## WHAT TO PRODUCE
Everything in the listing below should be written out again exactly, except the pictures.

## THE DATA

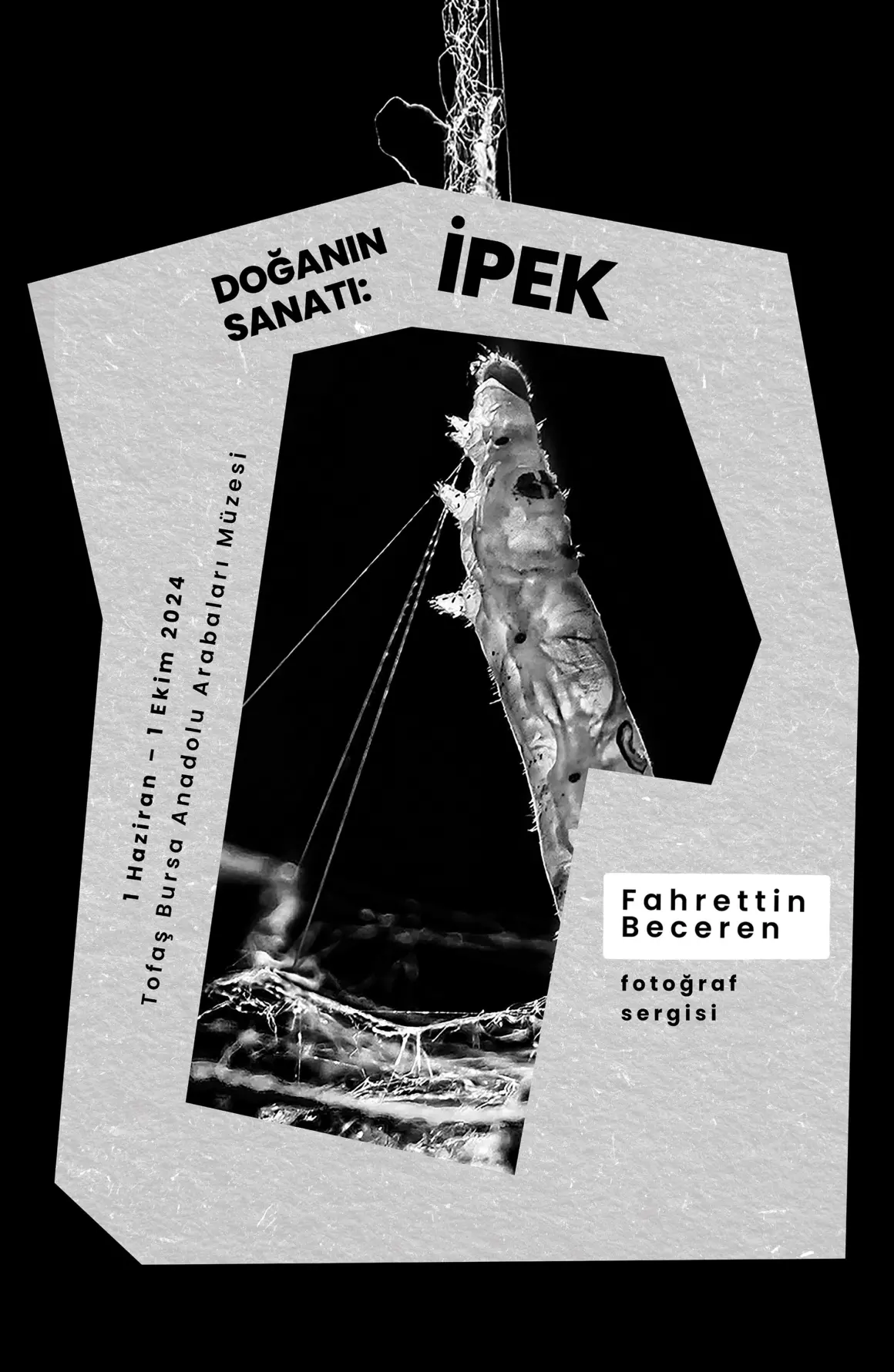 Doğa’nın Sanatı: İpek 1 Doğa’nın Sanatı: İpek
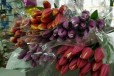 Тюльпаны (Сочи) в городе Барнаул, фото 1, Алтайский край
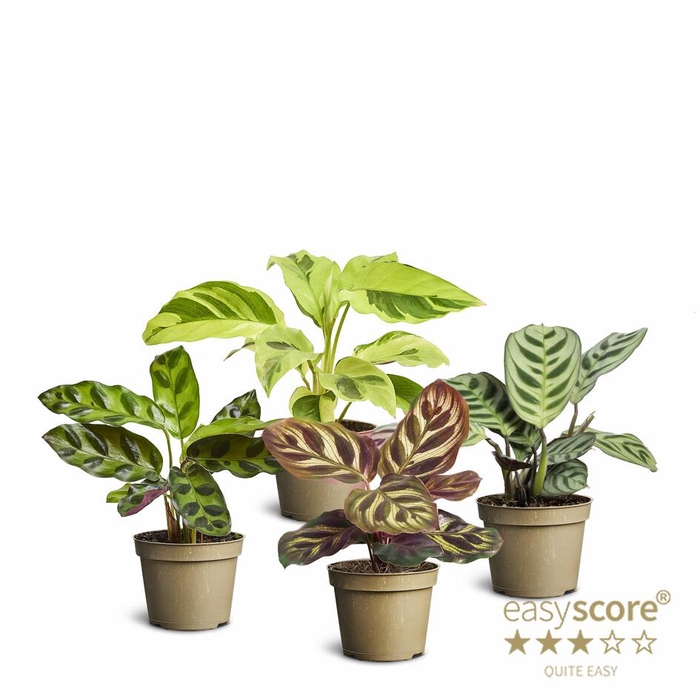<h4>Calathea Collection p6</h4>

## THE ANSWER
 Doğa’nın Sanatı: İpek 1 Doğa’nın Sanatı: İpek
 Тюльпаны (Сочи) в городе Барнаул, фото 1, Алтайский край
<h4>Calathea Collection p6</h4>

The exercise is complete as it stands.